Da sempre, trovo molto affascinante la figura di Charles-Maurice de Talleyrand-Périgord, forse il prototipo del voltagabbana, un uomo che ha sublimato il tradimento rendendolo una sorta di vera e propria arte. Chi è stato Charles-Maurice de Talleyrand-Périgord?
Certo Talleyrand è considerato un uomo per tutte le stagioni, un traditore che ha finito per ingannare tutti i regimi per i quali ha lavorato. Ma, a ben riflettere, i suoi tradimenti, fatti sempre nell’interesse della Francia, somigliano piuttosto a lucide visioni politiche di ampio respiro, che gli facevano intuire il momento del
decadimento del sovrano che serviva e l’avvento del nuovo regime che avrebbe servito. In realtà Talleyrand abbandonava i suoi sovrani quando questi s’allontanavano da ciò che avrebbe potuto favorire il paese. Tradì anche Napoleone, quando capì che la sua politica d’ininterrotte conquiste non coincideva più con gli interessi nazionali della Francia, che aveva invece tutto da guadagnare da una politica di stabilizzazione continentale, basata sull’equilibrio delle grandi potenze europee. Tradimento o lucida previsione politica? Il dubbio è legittimo.
Sulla base dei suoi studi ma anche della sua lunga esperienza nella diplomazia, a suo avviso, traditori si nasce o, invece, si diventa?

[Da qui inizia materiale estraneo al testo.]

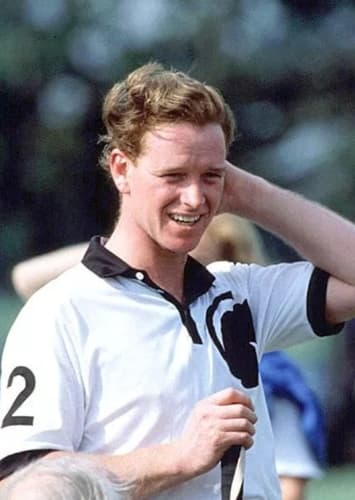 James Hewitt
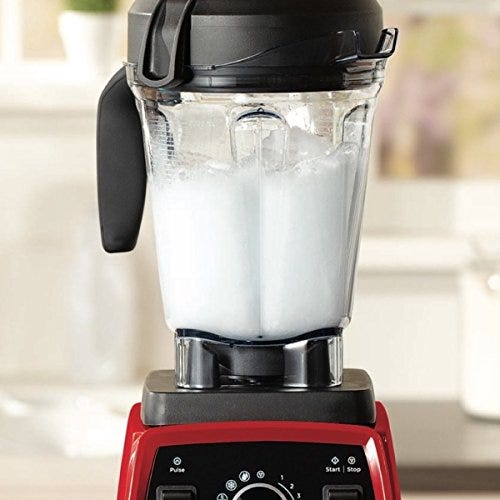 Anyone know how I can swap the parts to a cold foam blender : r/starbucks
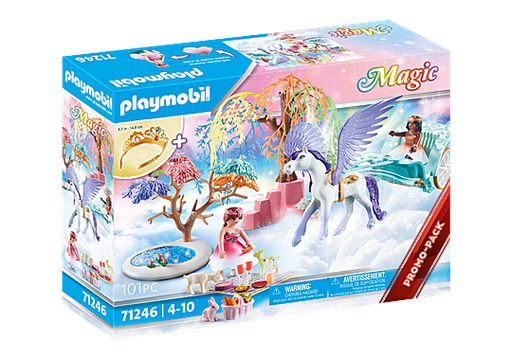 PLAYMOBIL 71246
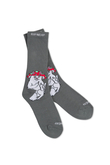 Ripndip Lord Shroomy Socks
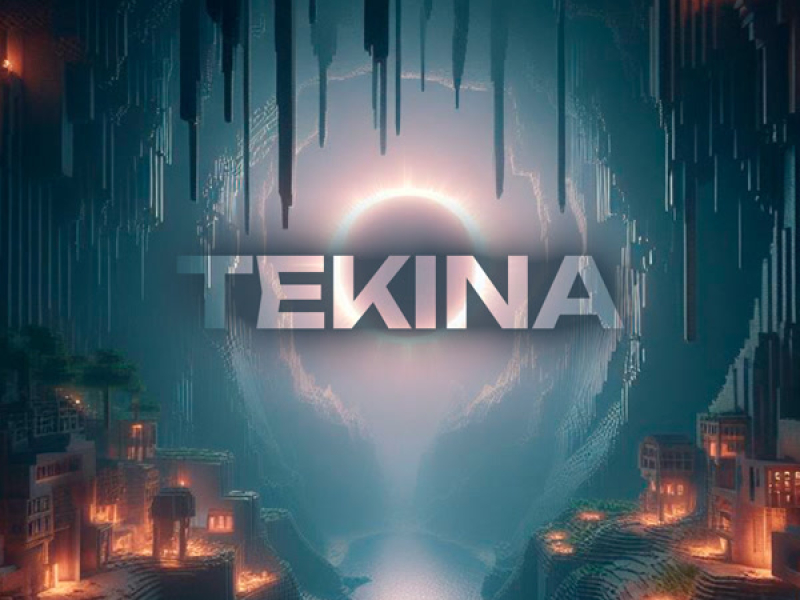 Tekina (Single)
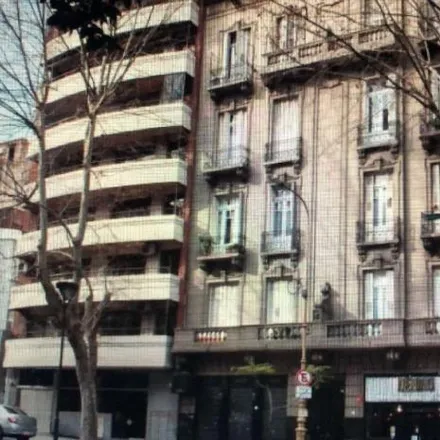 Buy this 2 bed apartment on Doctor Enrique Finochietto 894 in Barracas, C1272 AAA Buenos Aires
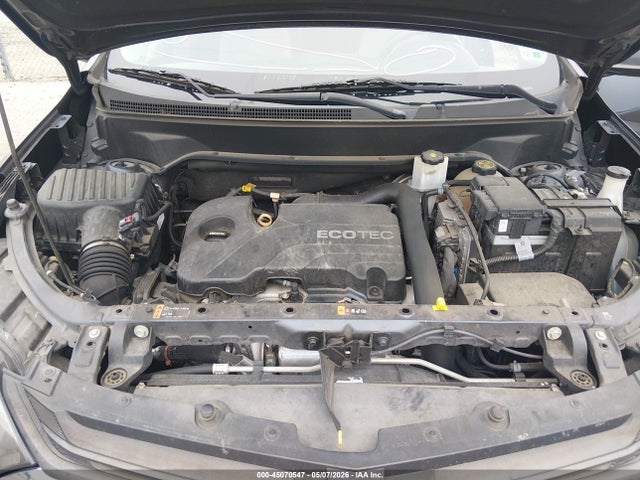 3GNAXHEV3JS615808 Chevrolet EQUINOX LS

Non si può nascere traditori, perché il tradimento è frutto delle circostanze contingenti nelle quali ci si può trovare invischiati nel corso della vita. Teniamo conto inoltre che spesso il tradimento è il frutto di una libera scelta fatta per motivi ideologici e politici, nella convinzione di stare nella parte giusta. Così il traditore
“politico” ha sempre una doppia dimensione: eroe per il paese che ha servito, “Giuda” per il paese che ha ingannato. Prendiamo, ad esempio, il caso di Kim Philby. Dichiarato eroe dell’Unione Sovietica, è considerato a Londra il più grande traditore della Gran Bretagna. La sola categoria di traditori che non può avere attenuanti sul piano morale è – a mio avviso – quella che agisce per esclusivi motivazioni venali, per
soldi. Traditori quindi si diventa, non si nasce.
Nell’era dell’intelligenza artificiale, della tecnologia portata ai massimi livelli, il ruolo del traditore è mutato o, invece, è rimasto uguale a quello di secoli addietro?
Credo che la tecnologia renda solo più complesso il tradimento. Più complesso nel portarlo a termine (tra algoritmi e a.i.), più complesso nello scoprirlo. Sicuramente con conseguenze più devastanti dei tradimenti classici. La mano traditrice dell’uomo, tuttavia, sarà sempre necessaria per concretizzare un tradimento: il
venire meno cioè alla parola data, a un impegno solennemente assunto, alla fede manifestata, approfittando della buona fede e della fiducia altrui.